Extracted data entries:
◇ ◇ ◇
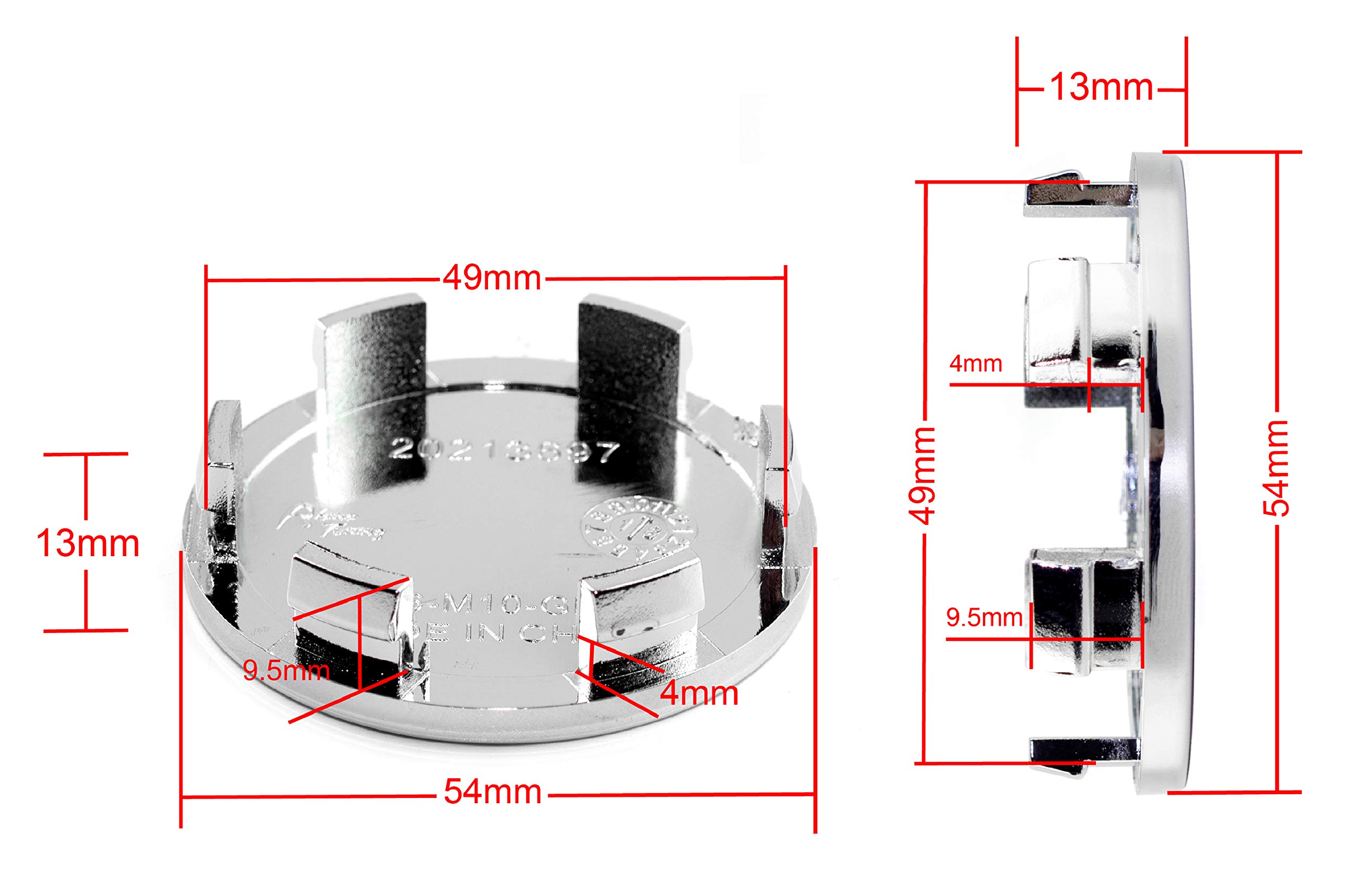 Amazon.co.jp: ホイールセンターキャップ 54mm 49mm 4個 シルバー 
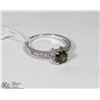 Image 1 : #94 PERIDOT & CZ .925 STERLING SILVER RING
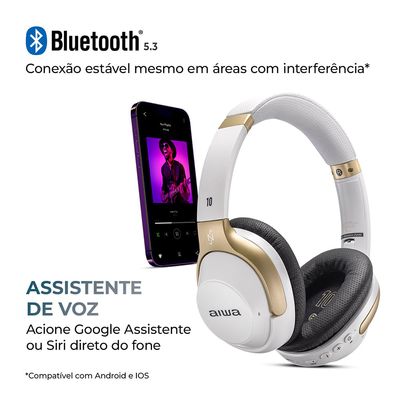 Headphone AIWA Neymar ANC Branco/Dourado AWS-HP-NJ-01-WG Bivolt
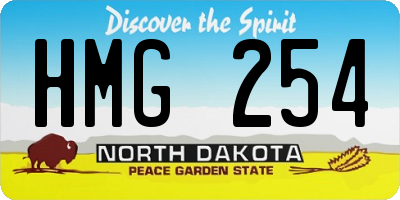 ND license plate HMG254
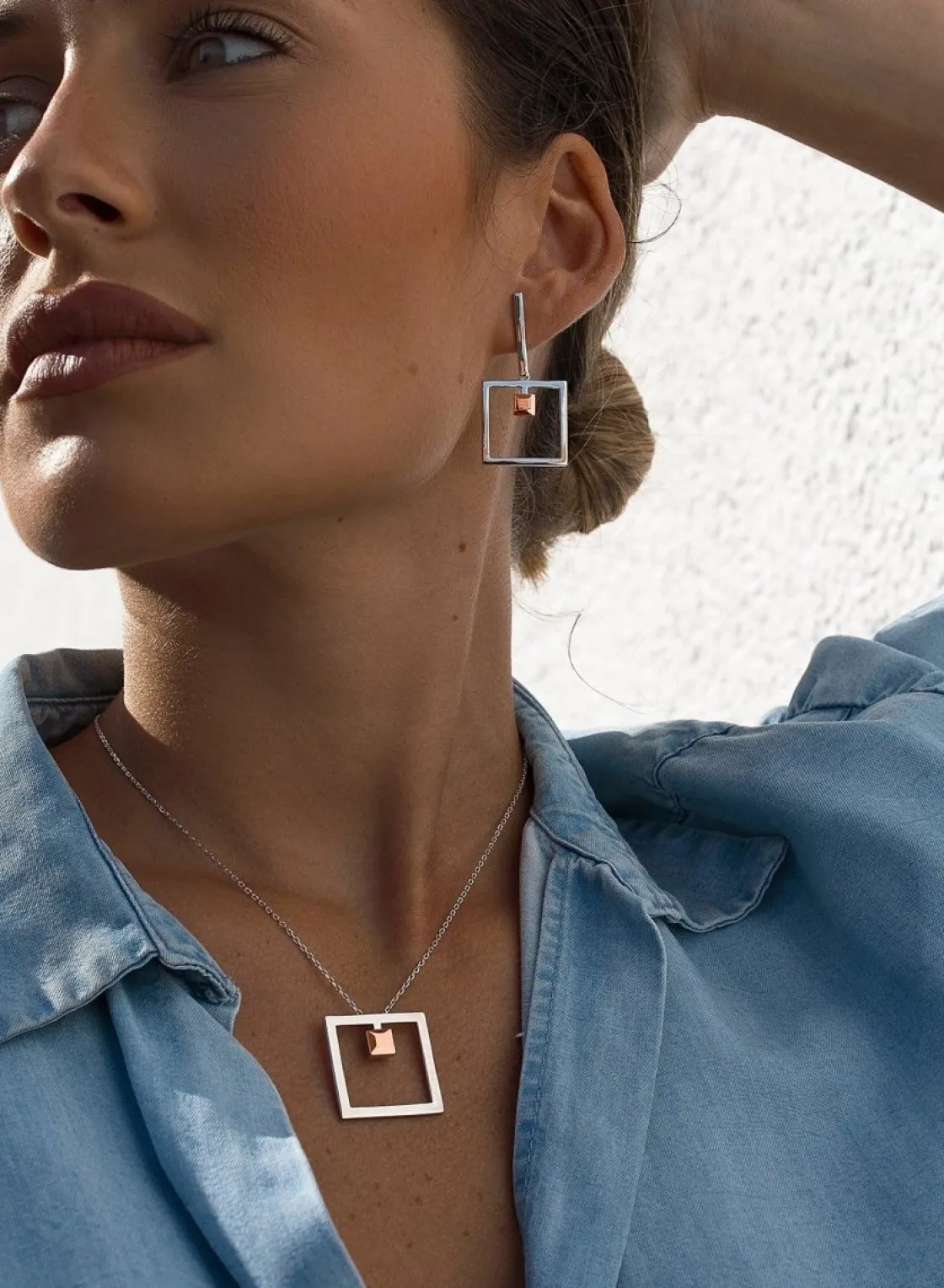 Colgantes Bicolor | Colgantes Plata Grandes | LINEARGENT Colgantes bicolor de plata lisa diseño cuadrado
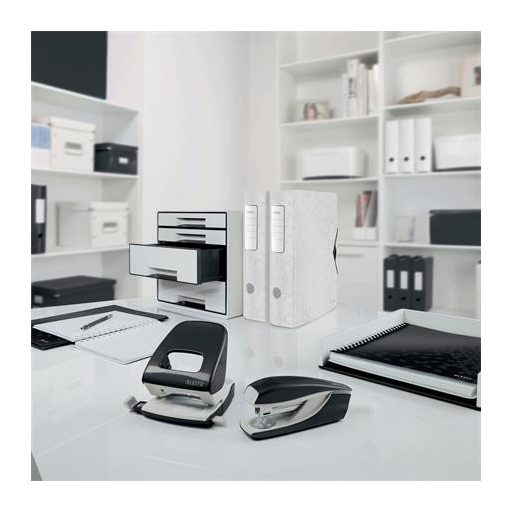 Spirálfüzet, A5, kockás, 80 lap, LEITZ "Wow", fekete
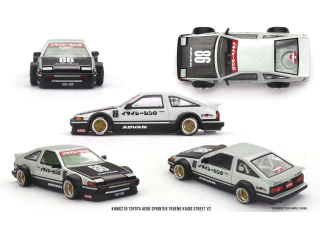 Toyota AE86 Sprinter Trueno Kaido Street V2 1983 black/grey/white 1:64 Mini GT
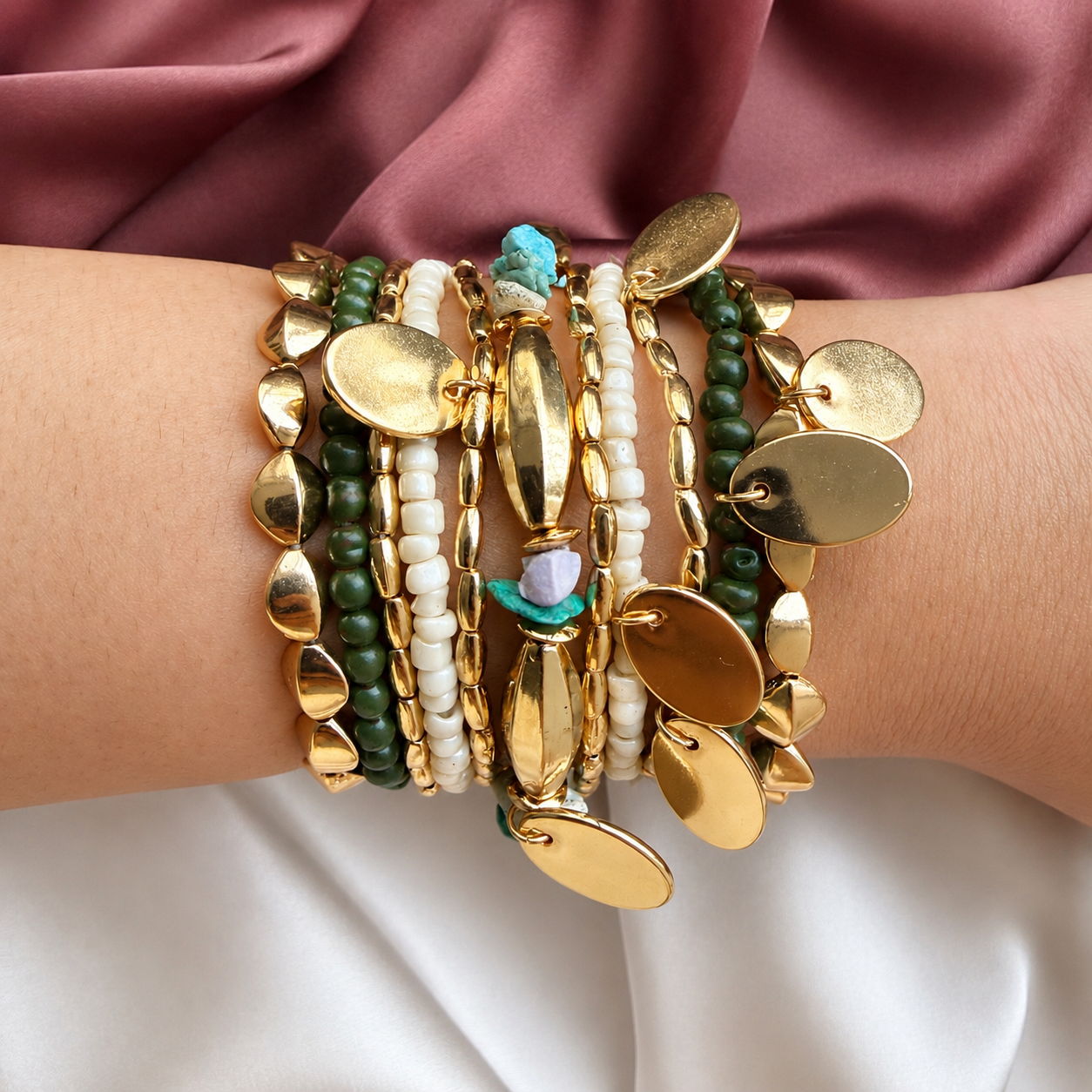 TFC Greenery Gold Plated Bracelet (set of 11)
◇ ◇ ◇
When copying the records above, please match them exactly but leave out all pictures.

 Amazon.co.jp: ホイールセンターキャップ 54mm 49mm 4個 シルバー 
 Image 1 : #94 PERIDOT & CZ .925 STERLING SILVER RING
 Headphone AIWA Neymar ANC Branco/Dourado AWS-HP-NJ-01-WG Bivolt
 ND license plate HMG254
 Colgantes Bicolor | Colgantes Plata Grandes | LINEARGENT Colgantes bicolor de plata lisa diseño cuadrado
 Spirálfüzet, A5, kockás, 80 lap, LEITZ "Wow", fekete
 Toyota AE86 Sprinter Trueno Kaido Street V2 1983 black/grey/white 1:64 Mini GT
 TFC Greenery Gold Plated Bracelet (set of 11)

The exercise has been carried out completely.